▶ [WHAT THE TASK REQUIRES]: From the data below, repeat everything exactly except the images.

▶ [GIVEN INFORMATION]:
━━━━━━━━━━

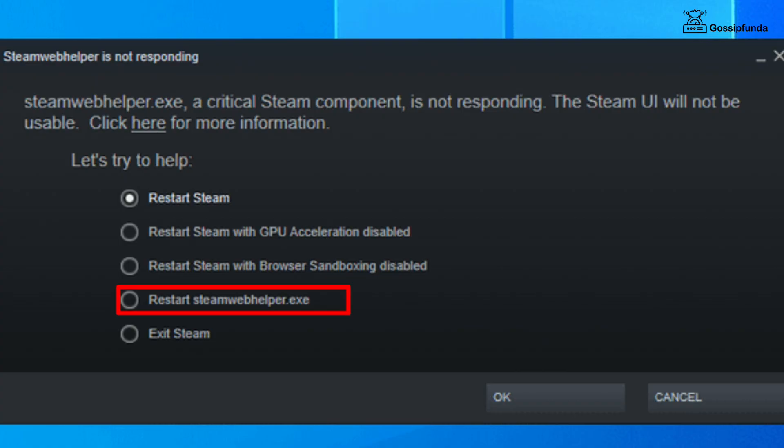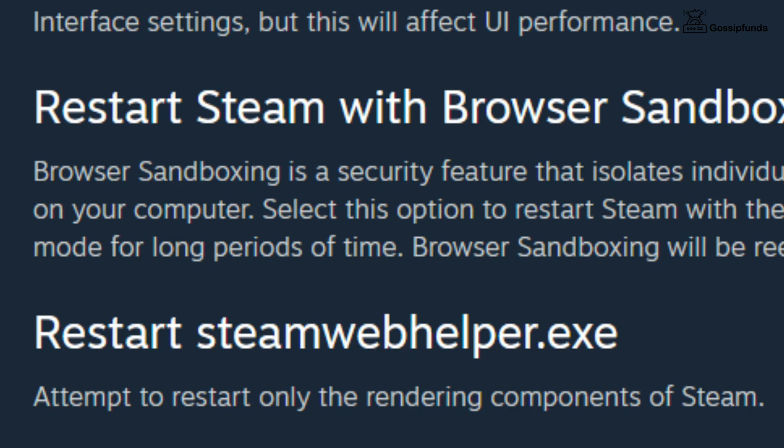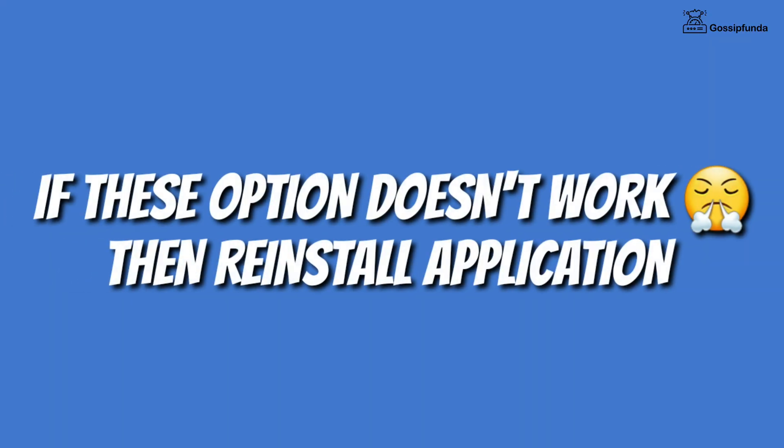The next option is to restart steamwebhelper.exe, which will attempt to restart only the rendering components of Steam. Also update the Steam client, and if this option does not work, simply reinstall the application.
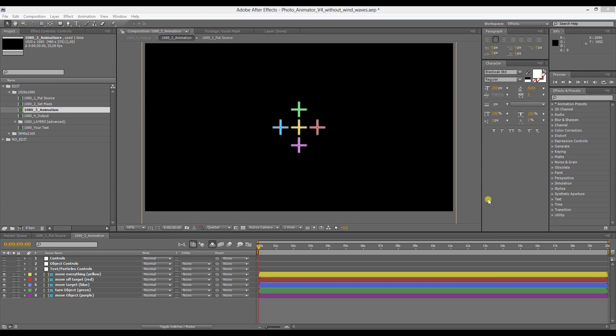Hello everyone, this is Anton and I want to thank you for your interest in my photo animator. In this short tutorial I want to show you how the layer rig works and also how to use the regular photo animator functions and the layer rig at the same time.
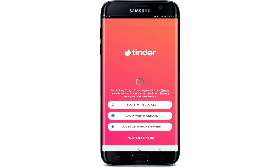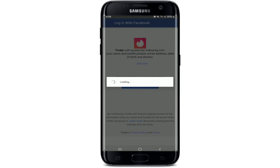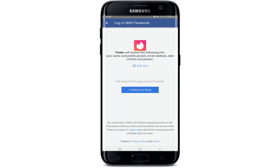After tapping on 'Login with Facebook', make sure that you are signed into your Facebook application as well. After you tap on 'Login with Facebook', click on 'Continue as' your Facebook name in order to give Tinder permission.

━━━━━━━━━━

▶ [THE COMPLETED TASK]:
The next option is to restart steamwebhelper.exe, which will attempt to restart only the rendering components of Steam. Also update the Steam client, and if this option does not work, simply reinstall the application.
Hello everyone, this is Anton and I want to thank you for your interest in my photo animator. In this short tutorial I want to show you how the layer rig works and also how to use the regular photo animator functions and the layer rig at the same time.
After tapping on 'Login with Facebook', make sure that you are signed into your Facebook application as well. After you tap on 'Login with Facebook', click on 'Continue as' your Facebook name in order to give Tinder permission.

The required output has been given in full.